What is GraphQL Batching Attack? Ways to Exploit, Examples and Impact
Understand GraphQL batching attacks, explore exploitation examples like brute force, and learn how to secure your API against these common vulnerabilities.
GraphQL has revolutionized how developers build APIs by allowing clients to request exactly the data they need and nothing more. However, this flexibility introduces unique security challenges that traditional REST APIs do not face. One of the most significant yet often overlooked threats is the GraphQL batching attack, a technique that allows attackers to pack multiple operations into a single HTTP request to bypass security controls. In this guide, we will explore how batching works, how it can be exploited for brute-forcing and denial-of-service, and how you can protect your infrastructure.
Understanding GraphQL and the Batching Feature
To understand the attack, we must first understand the feature. GraphQL is a query language for APIs that provides a complete and understandable description of the data in your API. Unlike REST, where you might have dozens of endpoints (e.g., /users, /posts, /comments), GraphQL typically uses a single endpoint (usually /graphql) that accepts POST requests containing a query string.
Batching is a performance-optimization feature implemented by many GraphQL servers, such as Apollo Server and Express-GraphQL. It allows a client to send multiple queries or mutations to the server in a single network request. This is particularly useful for mobile applications or high-latency environments where reducing the number of HTTP round-trips is critical for performance.

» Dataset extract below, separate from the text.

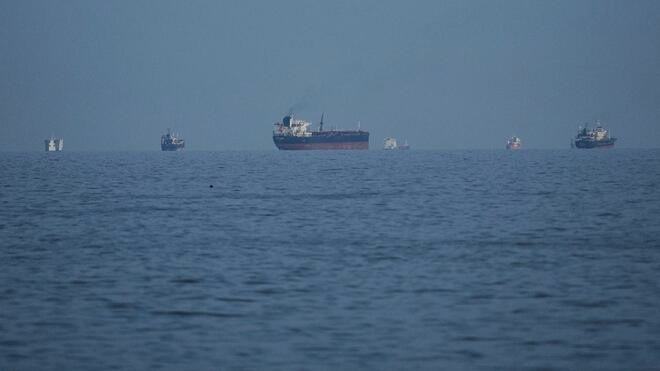 巴基斯坦称伊朗同意再放行20艘巴船只通过霍尔木兹海峡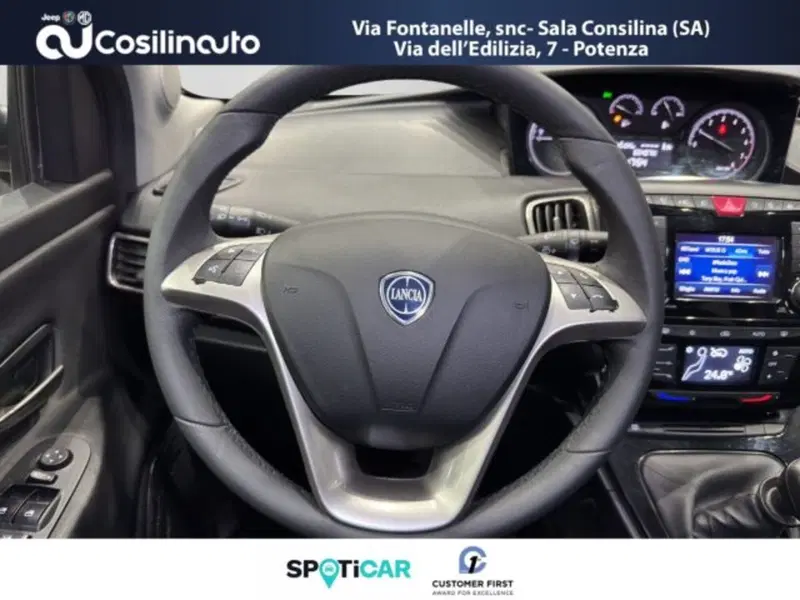 Lancia Ypsilon usata a Salerno (12)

There are two primary ways batching is implemented:
- Array-based Batching: The client sends a JSON array of query objects instead of a single object.
- Query-level Batching (Aliases): The client uses GraphQL aliases to perform multiple operations within a single query string.
While these features are great for performance, they create a massive blind spot for traditional security tools like Web Application Firewalls (WAFs) and standard rate limiters, which typically count one HTTP request as one action.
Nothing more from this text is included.